#### Data records ####

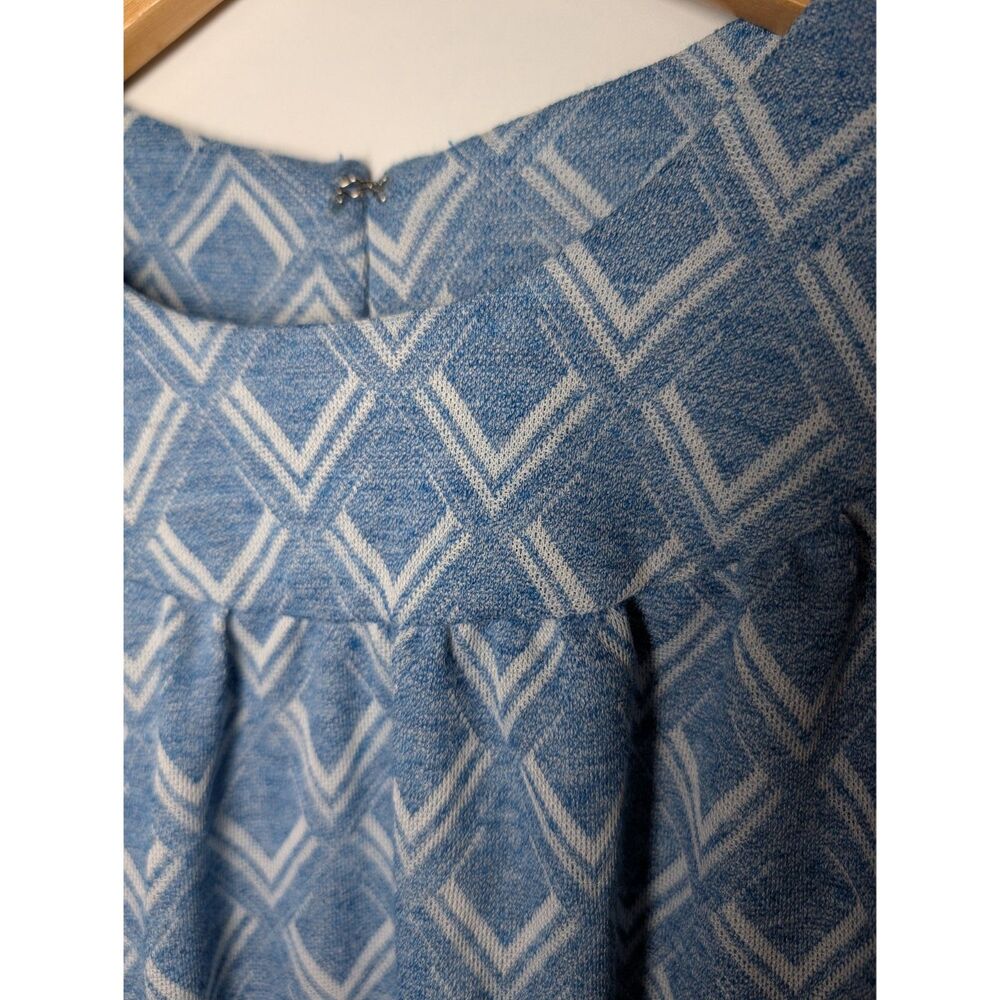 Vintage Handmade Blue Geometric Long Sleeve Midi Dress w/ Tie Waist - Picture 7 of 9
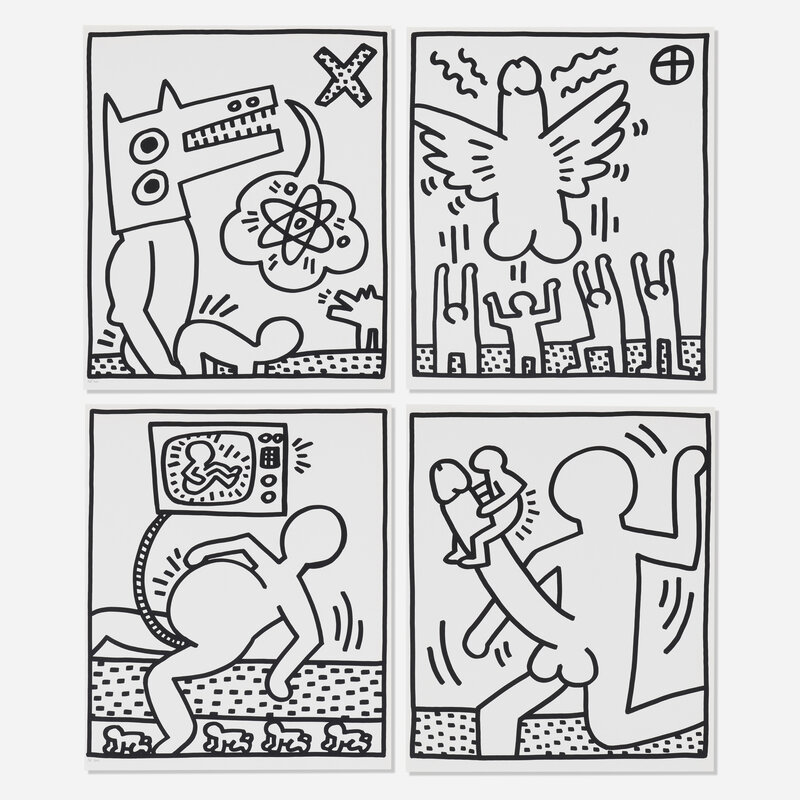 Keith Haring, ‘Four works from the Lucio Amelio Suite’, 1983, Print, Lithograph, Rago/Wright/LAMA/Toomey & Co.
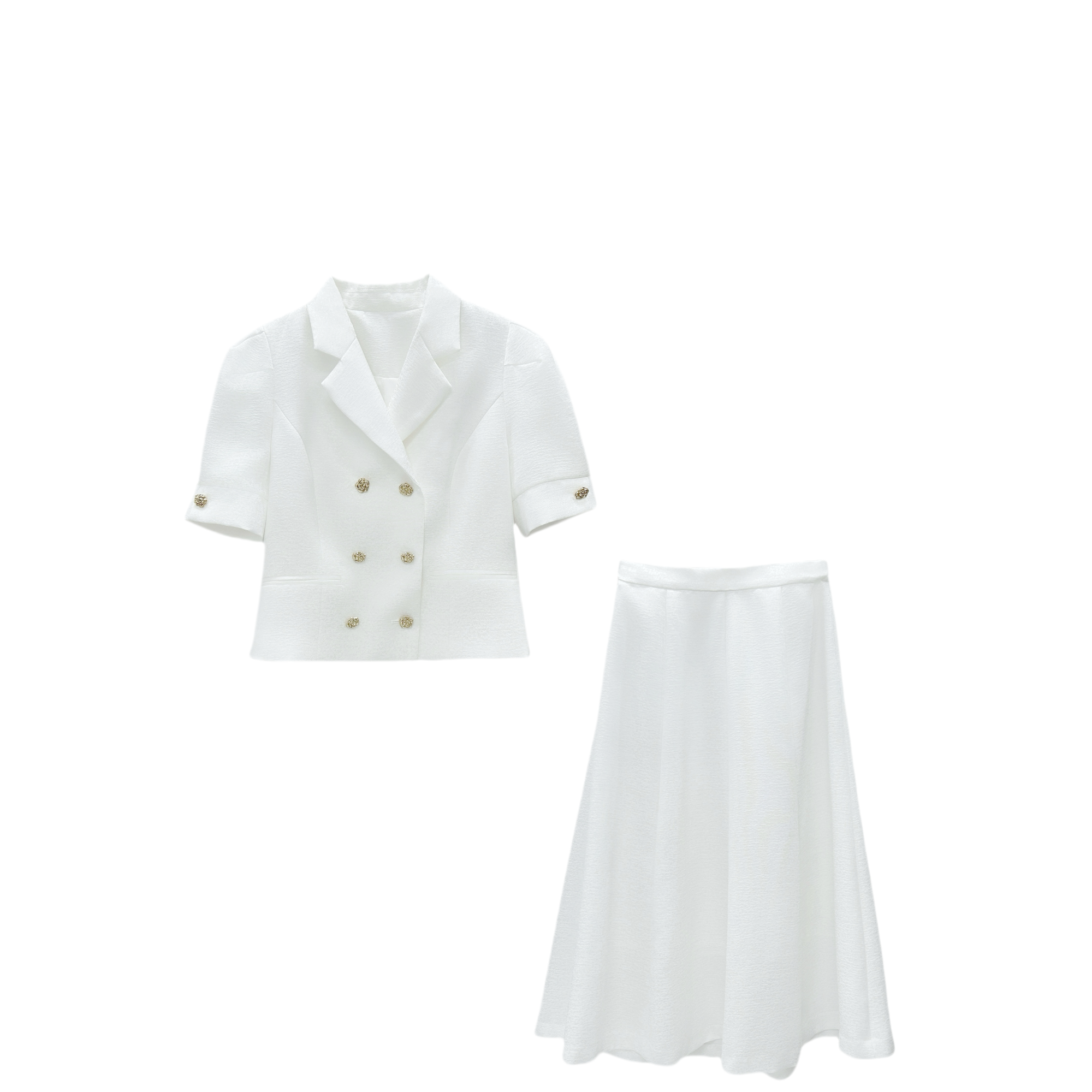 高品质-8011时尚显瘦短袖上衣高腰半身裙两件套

####
#### Data records ####

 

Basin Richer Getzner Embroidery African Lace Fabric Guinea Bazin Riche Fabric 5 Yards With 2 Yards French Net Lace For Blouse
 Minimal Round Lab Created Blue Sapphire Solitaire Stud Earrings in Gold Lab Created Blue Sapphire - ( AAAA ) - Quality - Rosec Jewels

####

Look above for the line containing "Keith Haring, ‘Four", then write out every line from there down to the line containing "高品质-8011时尚显瘦短袖上衣高腰半身裙两件套", that line included, with no pictures.

*Output of the exercise*
 Keith Haring, ‘Four works from the Lucio Amelio Suite’, 1983, Print, Lithograph, Rago/Wright/LAMA/Toomey & Co.
 高品质-8011时尚显瘦短袖上衣高腰半身裙两件套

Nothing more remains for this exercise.